TEMPO.CO, Jakarta - Direktur Komunikasi Korporat PT Danone Indonesia, Arief Mujahidin, berambisi pemerintah dapat mempertimbangkan kembali soal pajak pertambahan nilai alias PPN 12 persen. Bila mau kondisi perekonomian Indonesia tumbuh, menurut dia, semestinya tidak ada kebijakan nan dapat menghalang pertumbuhan tersebut.
"Mudah-mudahan dengan tadi mau ekonomi tumbuh, tidak ada kebijakan apa pun nan akhirnya bisa mengambat. Mengambat dalam konteks itu lagi bisa mengurangi daya beli," ujar Arief saat ditemui usai aktivitas CEO Insight di hotel The Langham, di area Senayan, Jakarta Pusat pada Selasa, 26 Oktober 2024.
Menurut dia, adanya wacana mengenai kenaikan PPN 12 persen belum diketahui secara pasti bakal mengurangi daya beli masyarakat alias tidak. Arief mengharapkan agar pemerintah dapat mengkaji lebih mendalam mengenai kebijakan itu dengan akibat nan bakal terjadi pada perekonomian Indonesia.
"Kita (PT Danone Indonesia) enggak tahu apakah 12 persen itu bisa mengurangi (daya beli) alias enggak, pemerintah nan kudu nan mengkaji," ucap dia.
Adanya kenaikan PPN 12 persen, Arief mengatakan dalam perspektif pandang industri air minum dalam bungkusan (AMDK) serta Fast Moving Consumer Goods (FMGC), kenaikan tersebut memerlukan pertimbangan dalam perihal daya beli masyarakat. "Itu kan perlu aksesibel dan kudu sesuai dengan daya beli masyarakat," kata Arief.
Dia mengharapkan kenaikan PPN 12 persen tidak bakal menggangu daya beli masyarakat.
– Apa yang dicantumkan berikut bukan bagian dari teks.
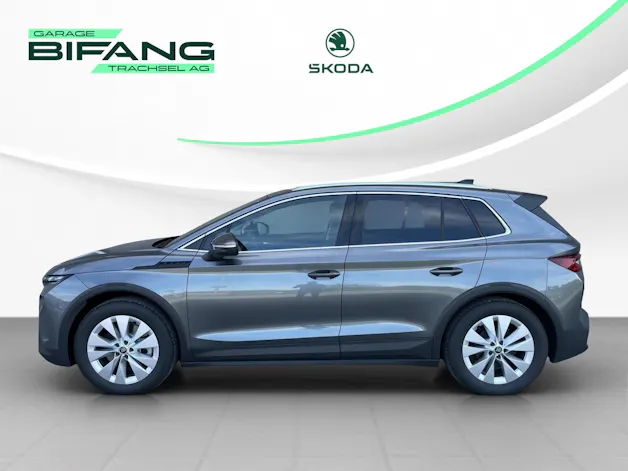 SKODA Elroq 85x Selection 4x4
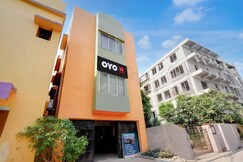 HOTEL O Anasuya Hotel Bhubaneswar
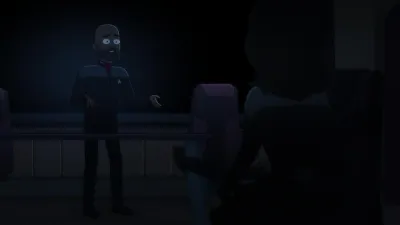 Jornada nas Estrelas: Subalternos-E10.Episode 10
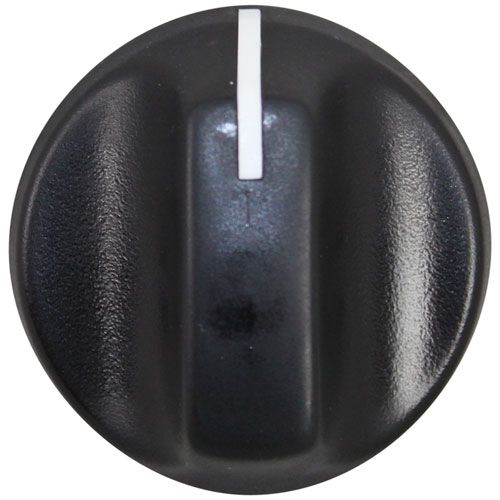 Timer Knob For Vulcan Hart - Part# 00-856773-00001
Sebab, menurutnya, tidak hanya perusahaannya nan terdampak, namun industri lainnya turut terdampak dari adanya kenaikan tersebut.
"Yang jelas nan kami berambisi bahwa daya beli masyarakat tidak terganggu. Kalau daya beli terganggu, ya pasti bukan cuman industri makanan minuman saja," tutur dia.
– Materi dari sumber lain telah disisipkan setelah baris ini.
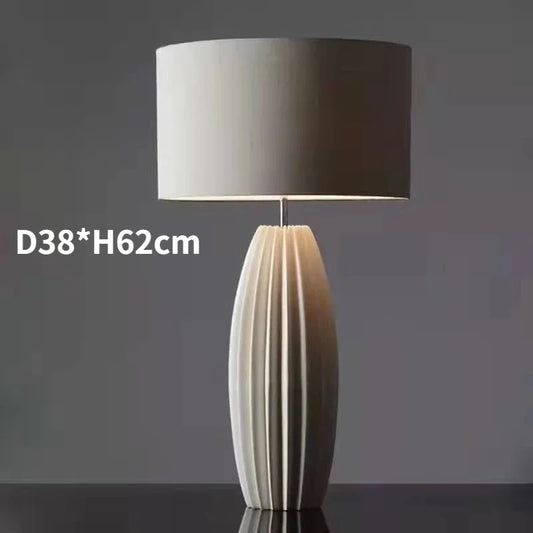 Lumière Plissée Lamp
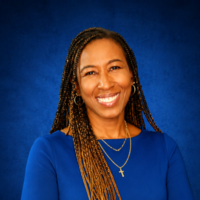 Notary Public in KISSIMMEE, Florida 34743, Fernande Saintilis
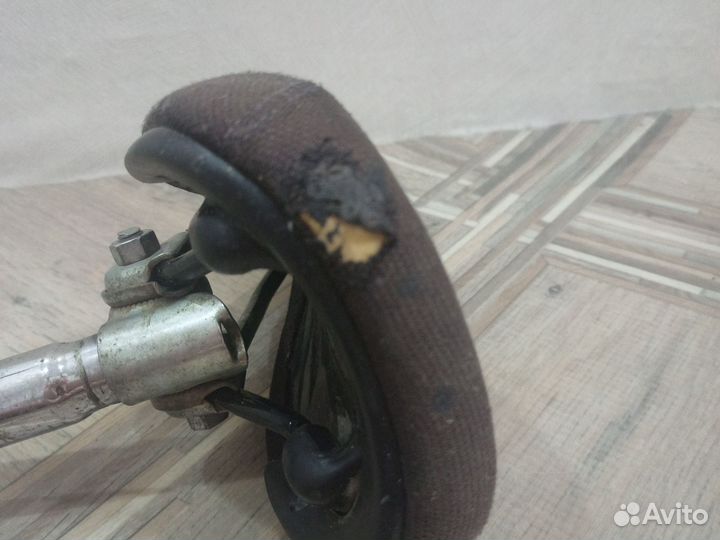 Седло velo для bmx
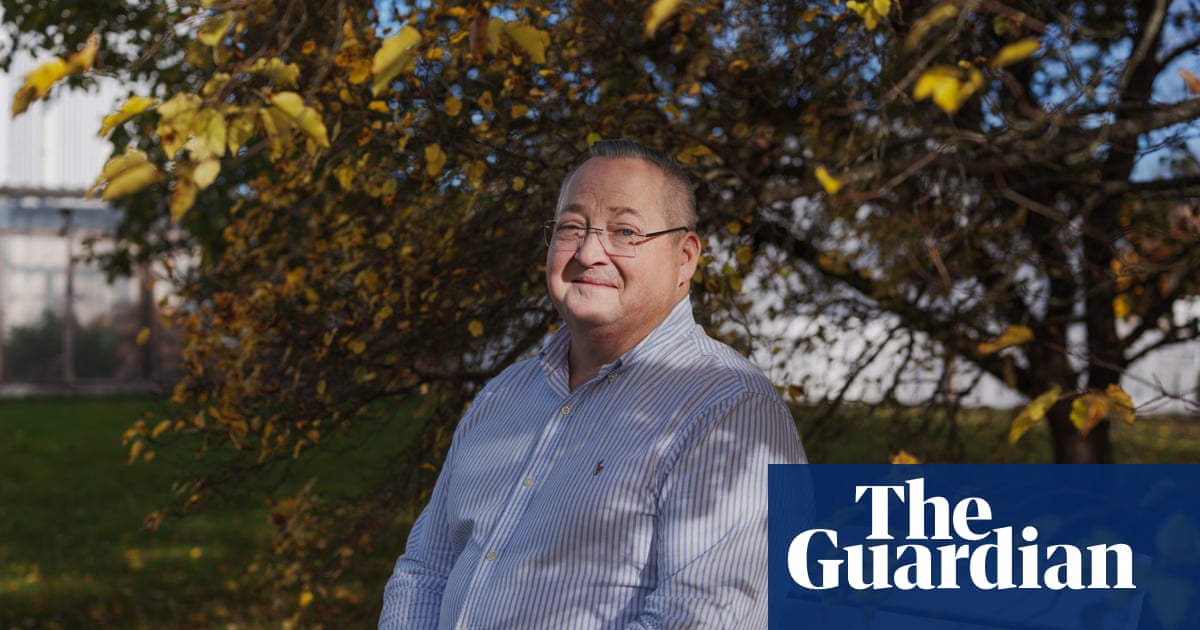 Experience: I won the lottery for 15 minutes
Adapun kenaikan PPN dari 11 persen menjadi 12 persen direncanakan bertindak per 1 Januari 2025. Tak sedikit pihak nan memperkirakan nilai peralatan dan jasa bakal naik akibat penerapan kebijakan itu, lantaran bisanya produsen dan penjual bakal membebankan pajak ke konsumen.
Menteri Keuangan Sri Mulyani Indrawati sebelumnya mengatakan kenaikan PPN ini bakal tetap melangkah sesuai mandat Undang-Undang Nomor 7 tahun 2021 tentang Harmonisasi Peraturan Perpajakan. Menurut dia, penyusunan kebijakan perpajakan dilakukan dengan mempertimbangkan kondisi di beragam sektor.
"Artinya, ketika kami membikin kebijakan mengenai perpajakan, termasuk PPN ini, bukannya dilakukan dengan membabi buta dan seolah tidak punya afirmasi alias perhatian terhadap sektor lain, seperti kesehatan dan apalagi waktu itu termasuk makanan pokok," kata Sri Mulyani saat rapat kerja berbareng Komisi XI DPR RI, Kamis, 14 November 2024.